Alright friends... I'm newer to breeding and just breed for the first time using frozen. My Old NA approved TB mare is in foal to Cor Noir. To get her in foal, it took a total of three doses over two cycles. I used a very good and reputable equine repro vet in our area, and they followed the two dose protocol by SBS ( which was what I want to do also) but my mare had a bad inflammatory response and didn't take despite all efforts. The second cycle we breed her with one dose that was perfectly timed between two follicles.
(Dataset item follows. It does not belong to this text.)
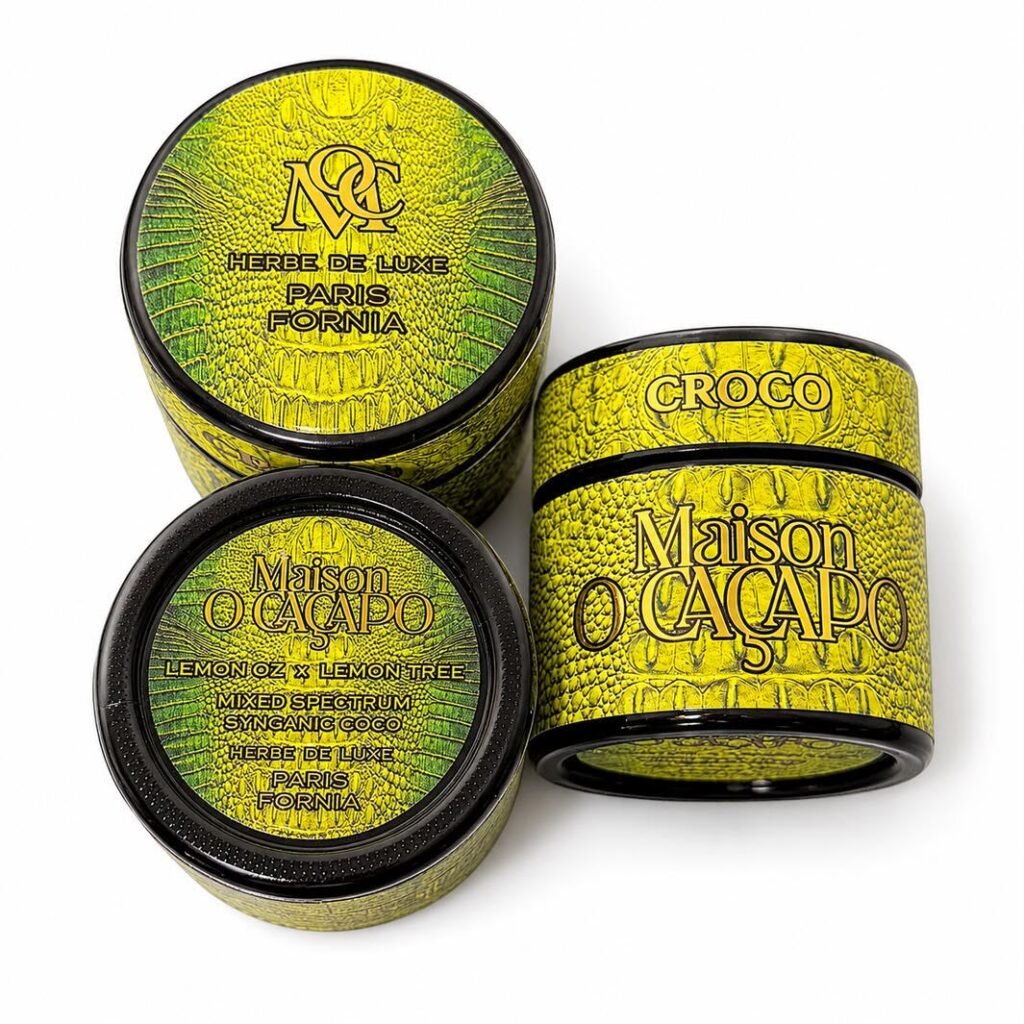 Maison O Caçapo Croco luxury cannabis packaging featuring a bold yellow and green crocodile skin texture, Lemon Oz x Lemon Tree lineage, and Herbe De Luxe Paris-Fornia branding.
And she took!!!! Yahoo!
But I often hear many of you seasoned breeders talking about catching your mare off of only one straw!!! How do you do that??? I'm sure it's great timing and great quality semen... But still?
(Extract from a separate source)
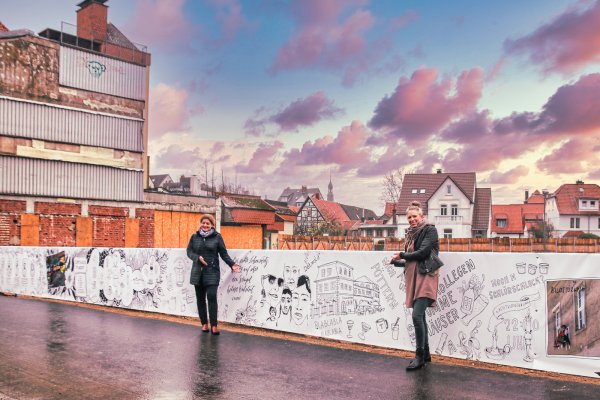 Dörte Pieper, Fachbereichsleiterin Kultur, Tourismus, Marketing und Bildungseinrichtungen bei der Stadt Detmold (links) und die Illustratorin und Designerin Nicole Sprekelmann vor dem verschönerten Bauzaun. - © Stadt Detmold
I'd love some very practical advice on breeding with frozen out of your personal experiences.
How do you decide when to use only a straw or a couple straws verses a dose or two doses?
I have a 2012 weanling by Cor Noir. Mare was inseminated with one dose protocol.
Once she's at around 35mm I give her Deslorelin around 4 in the evening and then drop her off at the clinic the next morning and she stays there to be U.S every few hours around the clock until it's time to inseminate. Immediately after a shot of Oxytocin and then,don't know what the window for timing is, but several hours post breeding, lavaged!
She is in foal again to Cor Noir, again one time breeding ,single dose
"The most reliable way to use one dose of frozen semen is to inseminate post-ovulation. Post-ovulation inseminations must be made within 6-8 hours of ovulation due to the lifespan of the ovum within the oviduct. Obviously, the closer to ovulation the insemination is made, the better the result, this is true for fresh and frozen semen. The one dose insemination protocol generally involves single daily ultrasound examination until a 35mm pre-ovulatory follicle is detected, then administration of an ovulation agent (hCG or Deslorelin). The mare would then be checked 12 – 24 hrs after administration of the ovulatory agent and every 6 hrs (range 4-8hr) thereafter until ovulation is detected, at which point insemination occurs. Insemination can be performed pre-ovulation, however it is difficult to accurately predict when a follicle will ovulate, therefore it is preferable to wait for ovulation to occur and inseminate within six hours rather than risk losing a dose on a premature pre-ovulatory insemination."